DEFEND THE SCOTTISH SOCIALIST PARTY!

I noticed that Solidarity has not carried anything on the SSP’s campaign against the victimisation of four of their MSPs for protesting in the Scottish Parliament at its failure to guarantee the right to peaceful protest during the G8 demonstrations in July. The MSPs who took part will be suspended for the whole of September, with their wages and allowances stopped for a month and all contact with the public blocked. All this was imposed without a hearing and without any right of appeal.

The SSP has launched a campaign against this blatant attack on the working-class movement and the right to protest.

See: www.scottishsocialistparty.org.uk

LIVINGSTONE SHOULD APOLOGISE FOR "NAZI" JIBE

Ken Livingstone is still entangled in the scandal caused last February when he called a Jewish reporter for the London Evening Standard a Nazi concentration camp guard. He now faces a hearing in December by the Standards Board for England, a watchdog body for local government, which has the power to ban Livingstone from public office for up to five years.

The incident with the reporter seemed at first to have been what Livingstone says it was, a matter of Livingstone, tired and emotional after a social gathering, giving vent to his deep loathing for the Evening Standard. At first he abused the reporter as equivalent to a Nazi war criminal. The drunken train of thought here was that the Evening Standard’s stablemate, the Daily Mail, had supported British and other fascists in the 1930s. (The Standard was not linked to the Mail then.)
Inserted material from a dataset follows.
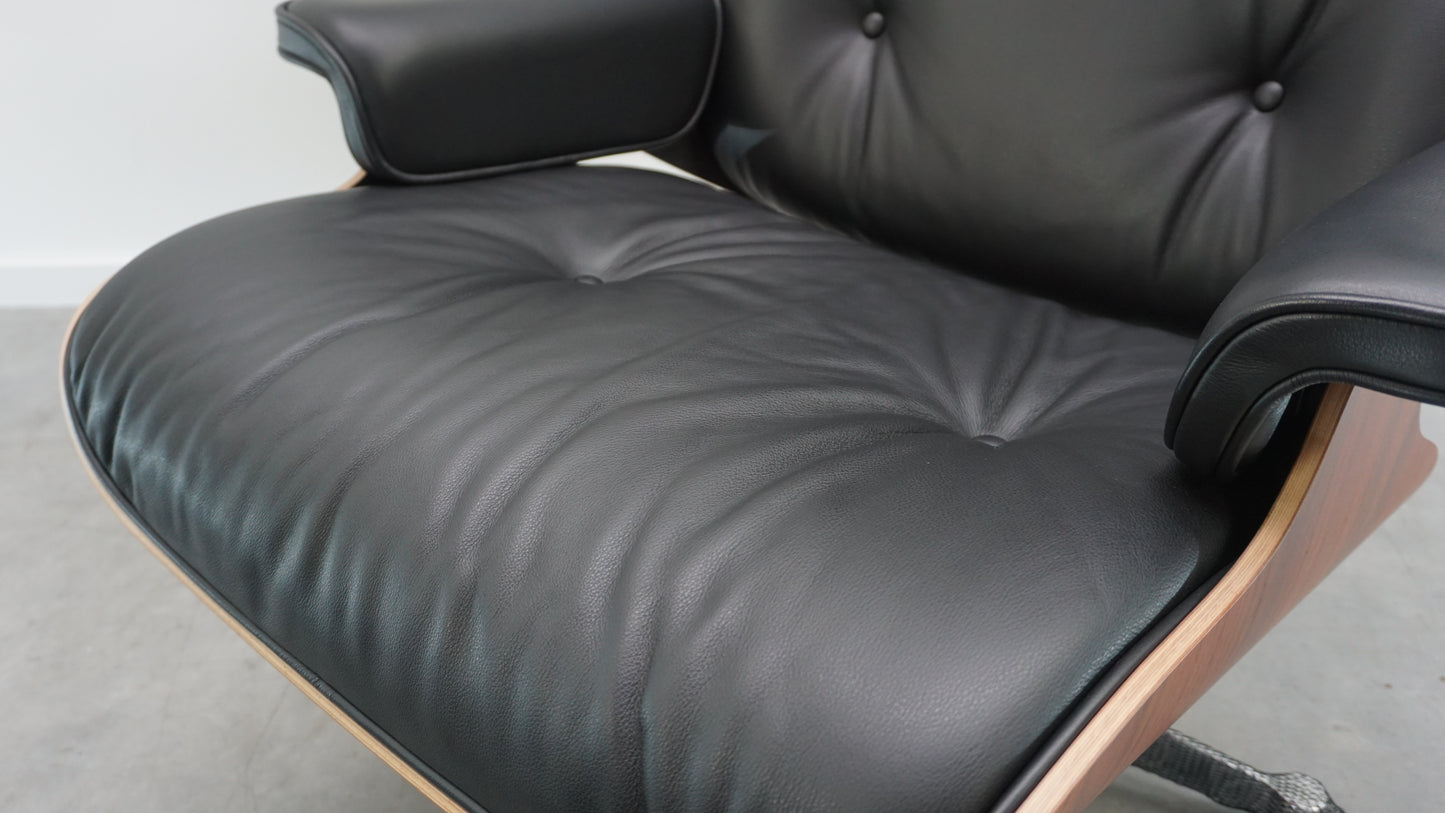 Vitra Eames Lounge Chair met Ottoman | Zwart Leer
When the reporter responded that he was Jewish, something else clicked in Livingstone’s brain — the urge to kick the Jew in the crotch, to be as offensive as possible. He then compared him to a Nazi concentration camp guard and his work for the Standard to concentration camp guarding. Nasty, but also silly and ridiculous.

It was what happened afterwards that turned it into a politically serious incident. He refused to retract or apologise to the reporter.

Livingstone has a long history of involvement with some of the rabid “Anti-Zionists” — in practice, anti-Jewish — segments of the pseudo-left, notably with the defunct Workers Revolutionary Party. He is now surrounded by “political advisers” from that segment of the psuedo left — the one time leaders of the International Marxist Group (a pseudo-Trotskyist group). They now go collectively under the name of “Socialist Action”.

Somehow we doubt that an attempt will be made to ban Livingstone from public office. Even so, he should apologise to the Jewish reporter.

Comments

Submitted by Anonymous (not verified) on Thu, 22/09/2005 - 08:59

This article entirely misses the point. You say you doubt that any attempt will be made to ban Livingstone from office, but where is your evidence for this? In fact that is exactly the process that is now underway.

Livingstone's comments offended some people, although no one has seriously made the case that they were anti-semitic. But offending people ought not to constitute an offence serious enough to get you barred from office. Unless an elected politician is guilty of a criminal offence it is hard to see how anyone can make the case that an unelected body should be able to remove them from office mid-term.

The AWL got the Livingstone question wrong six years ago when you vacillated about whether to support him when the Blairites were trying to stitch him up. You even ran an article saying that you could not choose between Jeffrey Archer and Ken Livingstone, although you subsequently ran a 'Socialist Campaign for a Livingstone Victory' that was more useful to Dobson's campaign than it was to the left.

Now Livingstone faces another bureaucratic mechanism that could see him blocked from office, and once again you dodge the main point.

The issue here is who chooses the mayor of London. Livingstone was elected by Londoners and only Londoners should decide who their mayor is.

The Standards Board for England and the Adjudication Panel are unelected New Labour quangos that ought to have no role in deciding whether an elected politician stays in office. As night follows day such bodies will be biased against politicians of the left..

The whole Standards Board process is the worst kind of New Labour bureaucratic imposition. The AWL should come out unequivocally against this process and stop sitting on the fence.